How to Emulate PROC APPEND in CAS

By Steven Sober on SAS Users November 20, 2017 Topics | Advanced Analytics Programming Tips

SAS Viya provides a robust, scalable, cloud-ready, distributed runtime engine. This engine is driven by CAS (Cloud Analytic Services), providing fast processing for many data management techniques that run distributive, i.e. using all threads on all defined compute nodes.

Note:

SAS Viya 3.5+ now supports the data set option APPEND=YES. The code displayed in figure 4 can be re-written as:

data casuser.append_target_table (append=yes);
set casuser.table_two;
run;

Why

PROC APPEND is a common technique used in SAS processes. This technique will concatenate two data sets together. However, PROC APPEND will produce an ERROR if the target CAS table exists prior to the PROC APPEND.

Simulating PROC APPEND — Figure 1. SAS Log with the PROC APPEND ERROR message

Now what?

How

To explain how to emulate PROC APPEND we first need to create two CAS tables. The first CAS table is named CASUSER.APPEND_TARGET. Notice the variables table, row and variable in figure 2.

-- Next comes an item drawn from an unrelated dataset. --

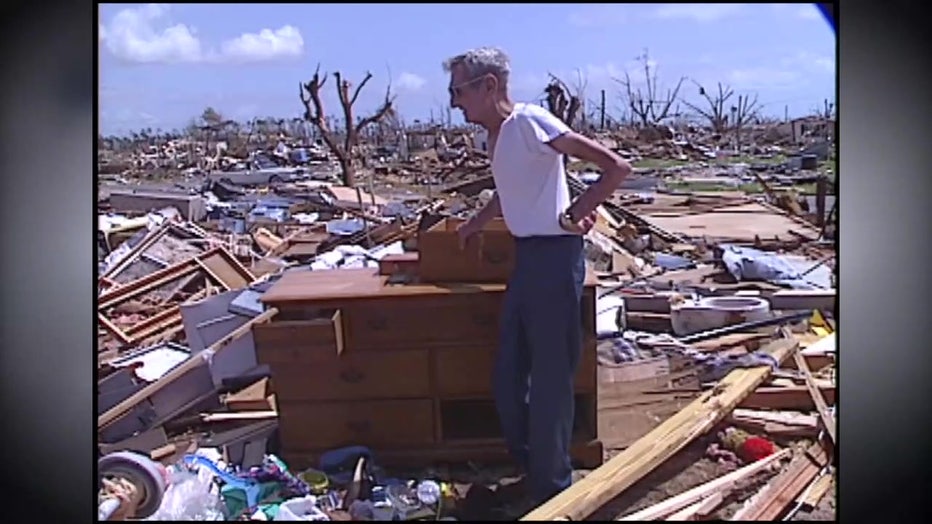 A man stands in the middle of rubble left by Hurricane Andrew.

Figure 2. Creating the CAS table we need to append rows to

The second CAS table is called CASUSER.TABLE_TWO and in figure 3 we can review the variables table, row, and variable.

Figure 3. Creating the table with the rows that we need to append to the existing CAS table

To emulate PROC APPEND we will use a DATA Step. Notice on line 77 in figure 4 we will overwrite an existing CAS table, i.e. CASUSER.APEND_TARGET. On Line 78, we see the first table on the SET statement is CASUSER.APPEND_TARGET, followed by CASUSER.TABLE_TWO. When this DATA Step runs, all of the rows in CASUSER.APPEND_TARGET will be processed first, followed by the rows in CASUSER.TABLE_TWO. Also, note we are not limited to two tables on the SET statement with DATA Step; we can use as many as we need to solve our business problems.

Figure 4. SAS log validating the DATA Step ran in CAS i.e. distributed

The result table created by the DATA Step is shown in figure 5.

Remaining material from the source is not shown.